→ **Instructions for the task**: Extract each line of the records below that contains the word "Street".

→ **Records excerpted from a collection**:
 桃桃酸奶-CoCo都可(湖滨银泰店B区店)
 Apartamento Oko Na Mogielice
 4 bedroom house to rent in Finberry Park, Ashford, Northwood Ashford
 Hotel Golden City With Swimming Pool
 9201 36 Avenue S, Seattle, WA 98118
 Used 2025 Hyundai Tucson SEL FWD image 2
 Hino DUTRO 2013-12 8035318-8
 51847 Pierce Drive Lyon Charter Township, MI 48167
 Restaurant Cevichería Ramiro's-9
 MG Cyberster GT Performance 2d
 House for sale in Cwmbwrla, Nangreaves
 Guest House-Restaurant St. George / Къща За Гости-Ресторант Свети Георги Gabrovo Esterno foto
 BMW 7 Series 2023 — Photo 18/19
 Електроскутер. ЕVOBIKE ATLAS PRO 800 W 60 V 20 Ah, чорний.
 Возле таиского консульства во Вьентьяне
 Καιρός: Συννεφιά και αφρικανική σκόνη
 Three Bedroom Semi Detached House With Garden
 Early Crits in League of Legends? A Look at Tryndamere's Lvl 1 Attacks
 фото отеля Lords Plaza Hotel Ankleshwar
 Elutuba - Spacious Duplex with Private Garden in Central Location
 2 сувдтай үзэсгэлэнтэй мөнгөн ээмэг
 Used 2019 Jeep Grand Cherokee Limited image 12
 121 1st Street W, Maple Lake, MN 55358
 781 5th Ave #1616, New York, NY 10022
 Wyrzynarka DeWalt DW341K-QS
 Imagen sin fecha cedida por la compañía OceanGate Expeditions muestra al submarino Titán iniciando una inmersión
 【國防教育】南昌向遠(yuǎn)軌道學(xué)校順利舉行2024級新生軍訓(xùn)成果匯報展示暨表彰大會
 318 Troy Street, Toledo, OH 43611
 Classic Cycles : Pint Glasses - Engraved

→ **Task answer**:
 121 1st Street W, Maple Lake, MN 55358
 318 Troy Street, Toledo, OH 43611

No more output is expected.